15. A private health insurer must submit the Appointed Auditor’s report to APRA, addressing matters referred to in paragraph 11, within three months after the end of the year of income to which the report relates.
16. The private health insurer must ensure that the Appointed Auditor provides the Appointed Auditor’s report to the Board of the private health insurer within sufficient time to enable the private health insurer to submit the report to APRA, as specified in paragraph 15.
17. A private health insurer, if requested by APRA, must within a reasonable time provide APRA with the terms of engagement, other instructions to, or correspondence with the Appointed Auditor, including management letters, that may have a bearing on:
(a) the scope or conduct of the work undertaken by the Appointed Auditor in accordance with this Prudential Standard; and
(b) the form, content (including findings made or opinions expressed by the Appointed Auditor) or coverage of the reports provided by the Appointed Auditor in accordance with this Prudential Standard.
18. APRA liaison with an Appointed Auditor will normally be conducted under tripartite arrangements involving APRA, the private health insurer and the Appointed Auditor.
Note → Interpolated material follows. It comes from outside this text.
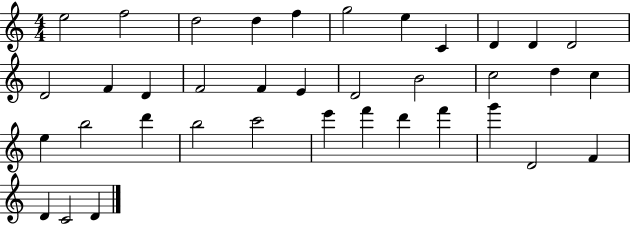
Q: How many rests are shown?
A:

Notwithstanding the tripartite relationship, a private health insurer must ensure that the Appointed Auditor is not prevented from meeting with APRA on a bilateral basis if requested by either party.
19. Persons involved in the provision of information should note that it is a serious offence under subsection 137.1 and 137.2 of the Criminal Code 1995 to provide, whether directly or indirectly, false or misleading documents or information to a Commonwealth entity such as APRA.
20. APRA may require the private health insurer, by notice in writing, to engage its Appointed Auditor to:
(a) undertake a special purpose engagement relating to matters set out in writing by APRA relating to the private health insurer’s operations, risk management or financial affairs; and
(b) prepare a report in respect of that engagement.
21. A private health insurer may engage an auditor other than the Auditor appointed under paragraph 6 to conduct a special purpose engagement, but only where this is agreed to by APRA and the Auditor satisfies the criteria set out in paragraph 10.
22. A private health insurer must require an auditor appointed for a special purpose engagement to address limited assurance on the matters upon which the auditor is required to report unless otherwise determined by APRA and advised to the private health insurer in writing.
23. A private health insurer must require an auditor appointed for a special purpose engagement to submit, within three months of the date of the notice commissioning the report, an auditor’s report simultaneously to APRA and to the Board of the private health insurer, unless otherwise determined by APRA.
24. A private health insurer must require an auditor appointed for a special purpose engagement to modify the report referred to in paragraph 22 for breaches relating to the matters upon which the Auditor is required to report which, in the Auditor’s professional opinion, are material. In forming an opinion as to whether a breach is material, the private health insurer must require the auditor to have regard to relevant AUASB standards and guidance.
25. The cost of a special purpose engagement will be borne by the private health insurer.
26. APRA may, by notice in writing to a private health insurer, adjust or exclude a specific requirement in this Prudential Standard in relation to that private health insurer.
27. A private health insurer must contact APRA if it seeks to place reliance, for the purposes of complying with this Prudential Standard, on a previous exemption or other exercise of discretion made by APRA under a previous Prudential Standard.